The average person will lose more than five-and-a-half days a year to slow-loading computers, a study suggests.
A study of PC and laptop users in the UK found slow computers are causing almost a third (30%) to be put in a bad mood for the rest of the day, while almost a fifth (17%) have relieved their frustration over a gadget through physical aggression by either throwing it against a wall or stamping on it.
According to the study, by flash memory firm SanDisk, UK computer users last year have lost more than 130 hours of free time to slow-loading computers, applications and files.
With the typical desktop or laptop user in the UK waiting an average of up to 12 minutes for their machine to load at any one time, PC slowdowns have become one of the top seven most stressful everyday experiences faced by computer users in the UK, according to the study.
So-called "digital downtime" has climbed into the top seven stressful everyday experiences faced by UK respondents, with a quarter putting the experience on a par with waiting for the boiler to be fixed.
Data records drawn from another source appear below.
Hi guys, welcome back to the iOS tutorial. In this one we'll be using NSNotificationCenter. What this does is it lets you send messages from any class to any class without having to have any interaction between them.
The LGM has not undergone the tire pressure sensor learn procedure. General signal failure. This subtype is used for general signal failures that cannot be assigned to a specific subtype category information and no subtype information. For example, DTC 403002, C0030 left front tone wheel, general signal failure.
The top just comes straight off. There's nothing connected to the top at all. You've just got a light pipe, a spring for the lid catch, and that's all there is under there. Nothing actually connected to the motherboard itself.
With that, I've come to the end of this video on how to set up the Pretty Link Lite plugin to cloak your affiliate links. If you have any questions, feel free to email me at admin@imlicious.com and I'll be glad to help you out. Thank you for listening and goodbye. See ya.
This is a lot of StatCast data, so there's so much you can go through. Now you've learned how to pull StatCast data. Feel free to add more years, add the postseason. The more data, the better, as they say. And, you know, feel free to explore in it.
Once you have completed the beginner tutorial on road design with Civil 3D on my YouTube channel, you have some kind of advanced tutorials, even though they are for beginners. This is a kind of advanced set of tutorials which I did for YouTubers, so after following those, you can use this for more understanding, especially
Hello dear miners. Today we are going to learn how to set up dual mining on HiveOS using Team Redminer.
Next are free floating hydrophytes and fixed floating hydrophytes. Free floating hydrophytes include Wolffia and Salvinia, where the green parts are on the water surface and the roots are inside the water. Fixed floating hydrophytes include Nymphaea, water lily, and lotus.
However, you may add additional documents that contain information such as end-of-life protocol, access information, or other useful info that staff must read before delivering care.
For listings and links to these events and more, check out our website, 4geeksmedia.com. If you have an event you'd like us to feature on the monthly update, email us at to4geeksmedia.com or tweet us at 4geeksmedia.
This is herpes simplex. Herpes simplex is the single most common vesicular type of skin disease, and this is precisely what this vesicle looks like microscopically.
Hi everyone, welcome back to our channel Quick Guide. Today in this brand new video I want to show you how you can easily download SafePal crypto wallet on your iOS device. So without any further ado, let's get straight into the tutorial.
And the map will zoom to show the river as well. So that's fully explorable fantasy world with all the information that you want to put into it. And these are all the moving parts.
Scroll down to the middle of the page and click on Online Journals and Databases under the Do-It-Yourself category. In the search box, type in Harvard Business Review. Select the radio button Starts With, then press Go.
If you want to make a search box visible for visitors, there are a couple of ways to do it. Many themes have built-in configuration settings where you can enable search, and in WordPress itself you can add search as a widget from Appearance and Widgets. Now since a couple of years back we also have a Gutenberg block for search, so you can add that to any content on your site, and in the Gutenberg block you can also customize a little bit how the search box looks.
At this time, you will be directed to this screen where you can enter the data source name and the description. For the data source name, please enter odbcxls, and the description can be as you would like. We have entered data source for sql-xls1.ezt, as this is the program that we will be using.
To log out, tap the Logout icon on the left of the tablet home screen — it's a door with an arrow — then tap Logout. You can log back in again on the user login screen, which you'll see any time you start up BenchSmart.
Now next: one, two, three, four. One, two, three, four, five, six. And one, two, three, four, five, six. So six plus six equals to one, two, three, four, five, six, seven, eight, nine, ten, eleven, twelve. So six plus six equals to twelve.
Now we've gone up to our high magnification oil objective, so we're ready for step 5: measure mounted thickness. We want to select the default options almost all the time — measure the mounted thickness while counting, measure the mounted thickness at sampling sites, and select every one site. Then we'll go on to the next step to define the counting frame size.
The list also includes waiting for a bus or train (30% of respondents saying it was the most stressful experience), and waiting for a non-reserved table at a restaurant (30%).
Stefan Kratzer, for SanDisk, said: "PC users in the UK are spending too much time waiting for computers and would quite understandably like to get more time back to do the things they enjoy.
"It's high time PC users in the UK started getting back the time they are losing to slow computers."